RECORDS TO USE -
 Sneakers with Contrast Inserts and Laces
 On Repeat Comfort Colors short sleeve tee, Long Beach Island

--

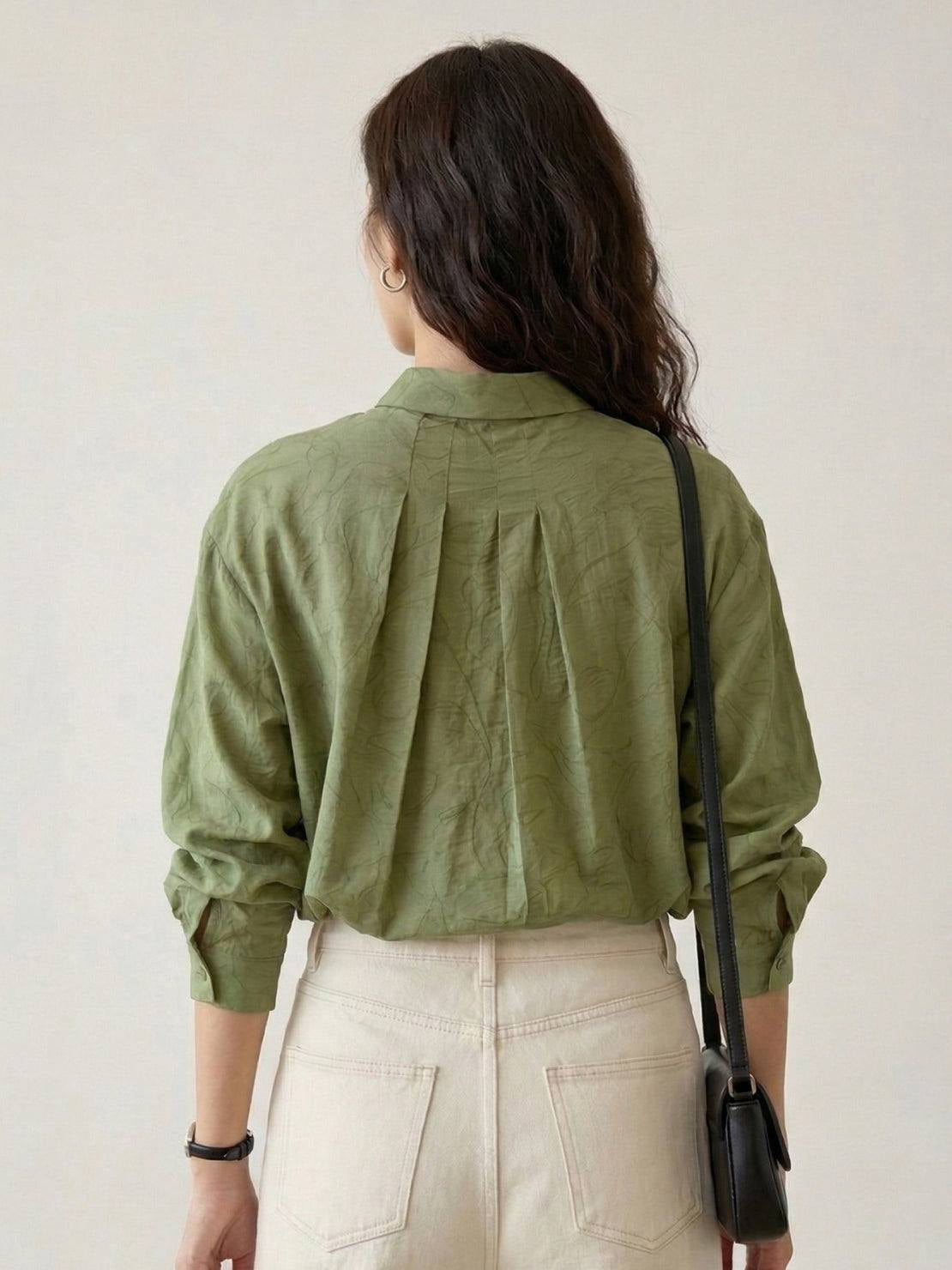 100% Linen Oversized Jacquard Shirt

WHAT YOU HAVE TO DO -
Reproduce only the lines above, starting at the line with "Sneakers with Contrast Inserts and Laces" and ending at the line with "On Repeat Comfort", exactly as written.

ANSWER TO THIS TASK -
 Sneakers with Contrast Inserts and Laces
 On Repeat Comfort Colors short sleeve tee, Long Beach Island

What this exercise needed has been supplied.